MENOPOZDAKİ KEMİK ERİMESİNE KARŞI KEMİK ÖLÇÜMÜ YAPTIRIN
Menopoz döneminde, kemik erimesi riski belirgin olarak artıyor. Bunun önüne geçmek için doğru beslenme ve düzenli hareket alışkanlığı şart. Kalsiyumdan zengin içeriğe sahip süt ürünleri ve yeşil yapraklı sebzeler diyette bol miktarda bulunmalıdır. Belli aralıklarla yaptırılan kemik mineral dansitometri testi ile kemiklerin yoğunluğunu ölçtürmek mümkün. Kemik erimesi tedavi edilmez ve ilerlerse, en ufak darbede dahi kemik kırılması riski ile karşı karşıya kalınır.
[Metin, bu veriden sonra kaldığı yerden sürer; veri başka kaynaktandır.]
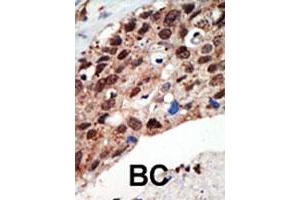 Formalin-fixed and paraffin-embedded human cancer tissue reacted with the SETD7 polyclonal antibody  , which was peroxidase-conjugated to the secondary antibody, followed by DAB staining.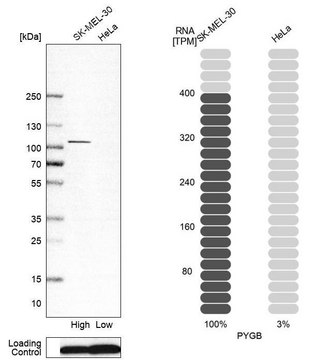 Anti-PYGB antibody produced in rabbit Prestige Antibodies&#174; Powered by Atlas Antibodies, affinity isolated antibody, buffered aqueous glycerol solution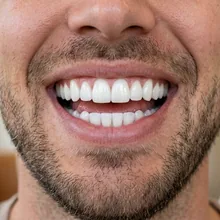 Estética dental — sonrisa luminosa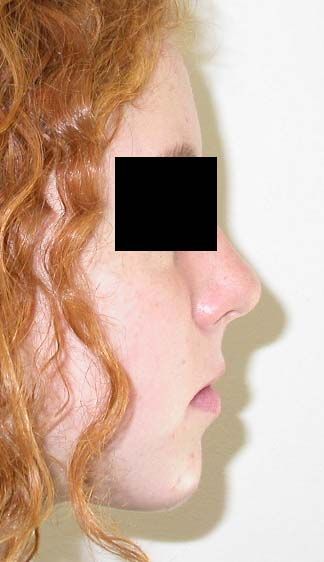 Profilo di una persona dai capelli rossi e ricci, con una barra nera sugli occhi, su uno sfondo chiaro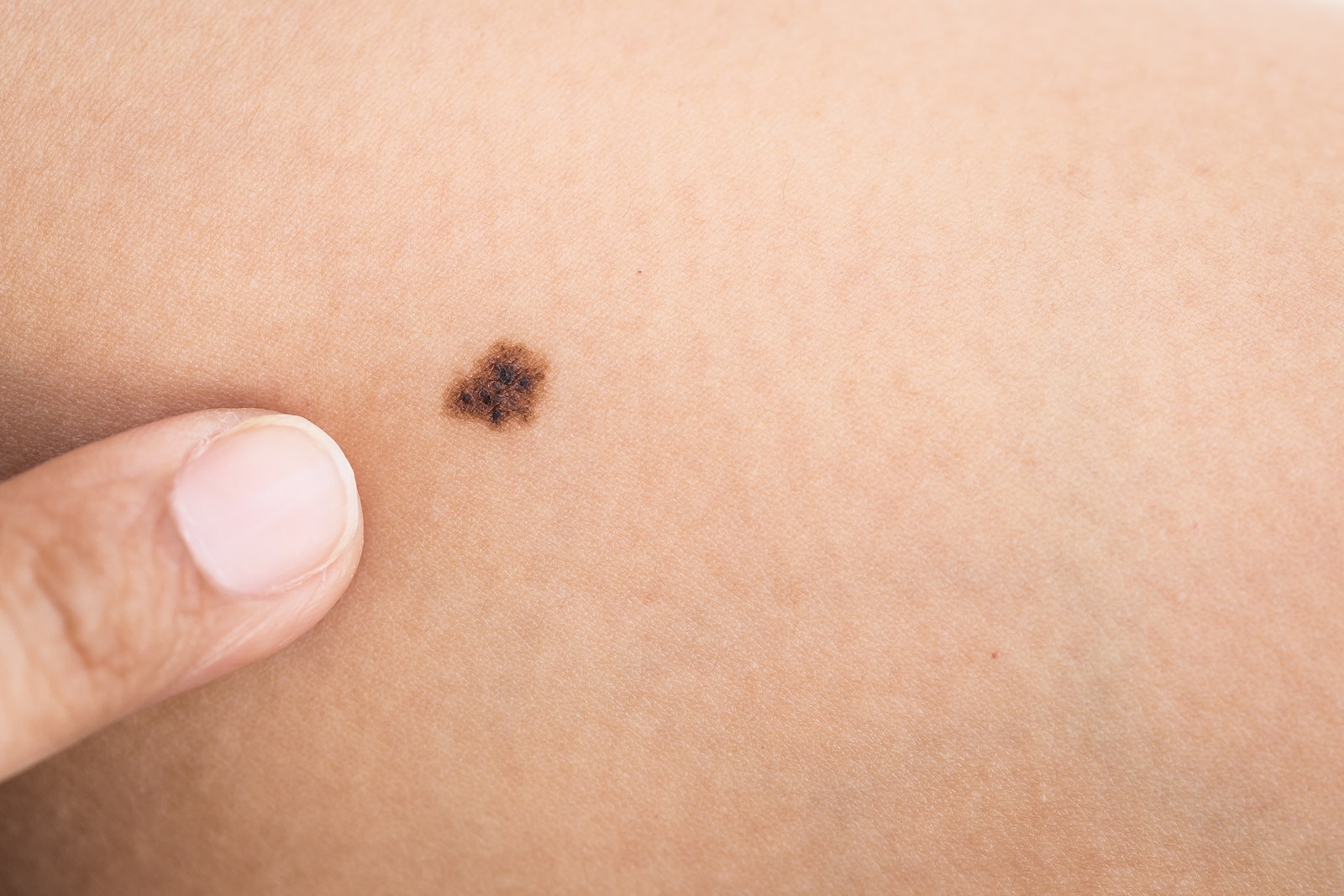 10 Things To Know About Skin Moles The Luxury Spot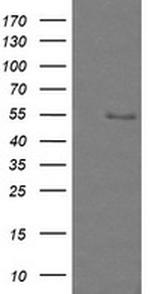ZSCAN18 Antibody in Western Blot (WB)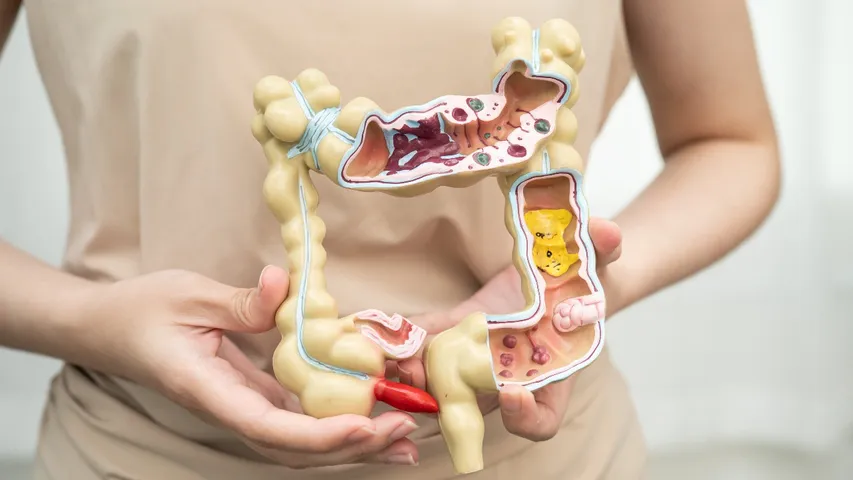Gastrointestinal Diseases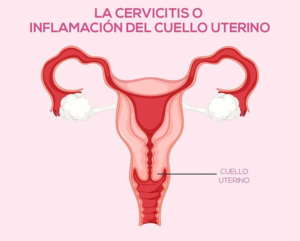 Cervicitis que es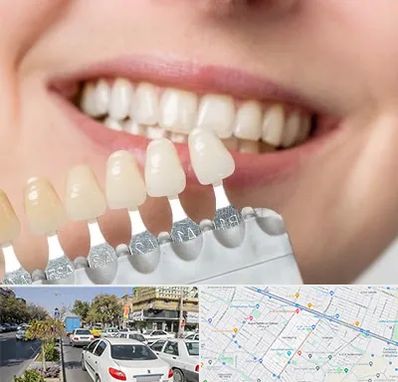 مرکز کامپوزیت دندان در مفتح مشهد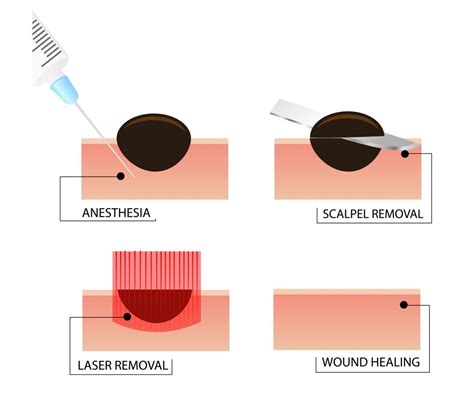 mole removal procedue 01 - The HealthUp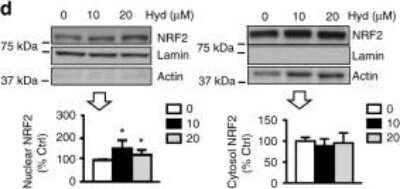<b>Biological Strategies Validation. </b>Nrf2-Antibody-Western-Blot-NBP1-32822-img0047.jpg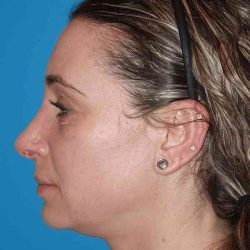 Rhinoplasty Before & After Patient #898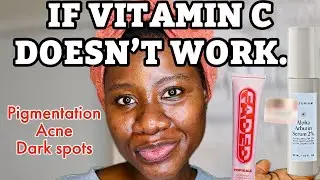 WHY VITAMIN C ISN’T WORKING FOR YOU + BETTER PRODUCTS FOR FADING HYPERPIGMENTATION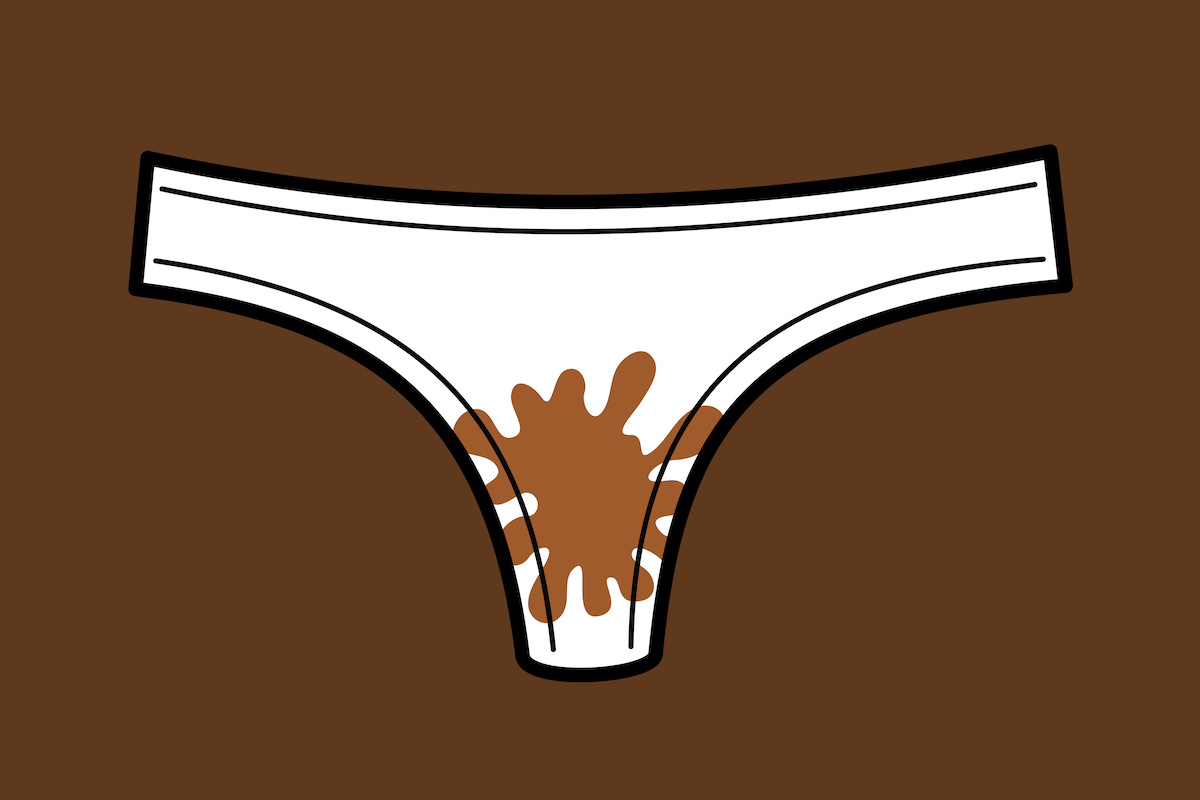 The Truth About Skid Marks and Anal Leakage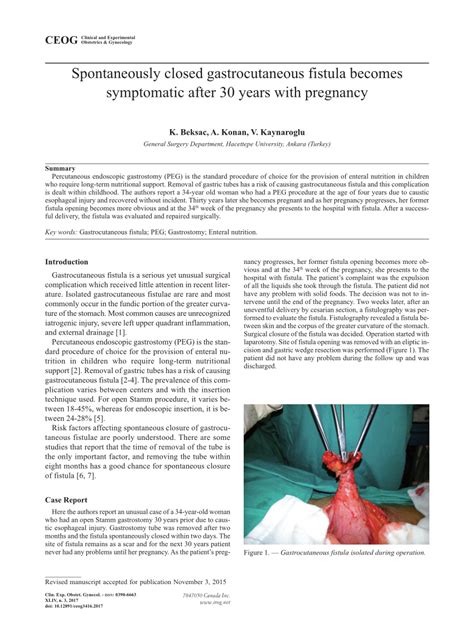 (PDF) Spontaneously closed gastrocutaneous fistula becomes symptomatic after 30 years with pregnancy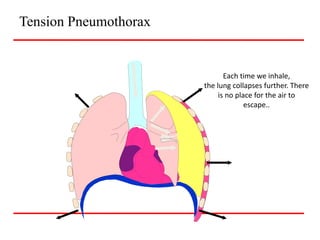 Tension Pneumothorax
Each time we inhale,
the lung collapses further. There
is no place for the air to
escape..
 
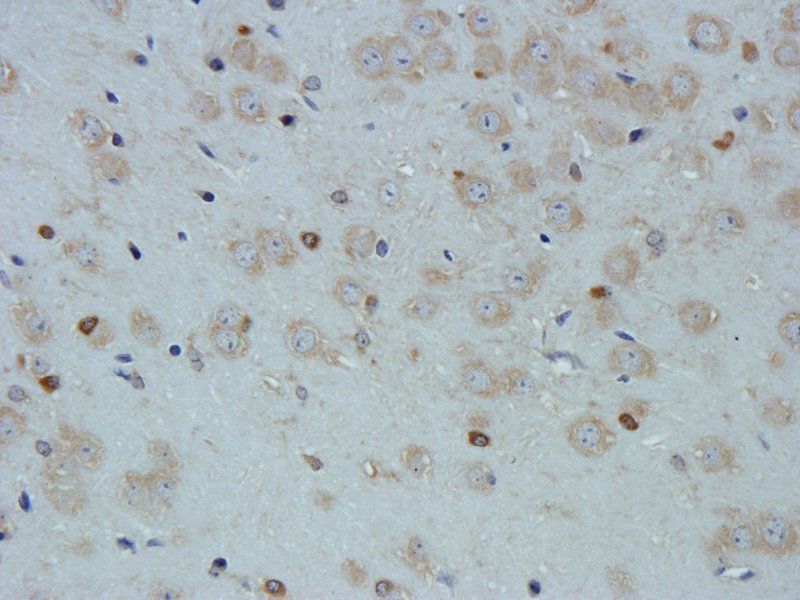 VEGF antibody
Bu nedenle, özellikle menopozdaki kadınların bu ölçümü yaptırmaları ve sonuçlarını doktorları ile paylaşmaları gereklidir.
YILDA BİR KEZ GENEL SAĞLIK MUAYENESİ YAPTIRIN
Herkesin olduğu gibi kadıların da yılda bir kez dahiliye muayenesi yaptırması gerekiyor. Herhangi bir şikayet olmasa da fizik muayenesi ve tetkikleri yapılmalıdır. Böbrek, karaciğer fonksiyon testleri, açlık kan şekeri, kolesterol ölçümleri, tiroit fonksiyon testleri, kan sayımı, tam idrar tahlili, istirahat EKG'si, akciğer filmi, karın organlarını değerlendirmek için batın ultrasonografisi önerilir. Kronik bir hastalık mevcutsa muayene ve tahlil sıkılığı artırılmalıdır.
HER YAŞTA MUTLAKA SPOR YAPIN
Çağımızda maalesef hareketsizlik çok yaygın bir durum. Özellikle masa başı işlerde çalışan kadınlarda kemik erimesi, kas-iskelet sistemi ağrıları, duruş bozuklukları gibi pek çok olumsuz durum ortaya çıkabiliyor. Bunların önüne geçmek için fırsat yaratmak ve haftada en azından 2-3 gün 30'ar dakikalık bir yürüyüş yapmak dahi sağlık için faydalı olacaktır.
VÜCUT KİTLE ENDEKSİNİZİ 30'UN ÜZERİNE ÇIKARMAYIN
Günümüzde en önemli sağlık sorunlarından birisi de şişmanlık yani diğer adıyla obezite. Kilonuzun, boyunuzun metre cinsinden değerinin karesine bölünmesi ile elde edilen sayıya Vücut Kitle İndeksi (VKİ) deniliyor. Bu değerin 30'un üzerinde olması, obezite lehine bir bulgu. Obezitenin yüksek tansiyon, kalp hastalıkları, şeker hastalığı ve kas-iskelet sistemi hastalıkları gibi pek çok hastalığa davetiye çıkardığı artık net olarak biliniyor. Eğer fazla kilonuz olduğunu düşünüyorsanız bugün bir adım atın. Doğru bir diyet ve uygun şekilde yapılan sporla bunu yapmanın aslında hiç de zor olmadığını göreceksiniz.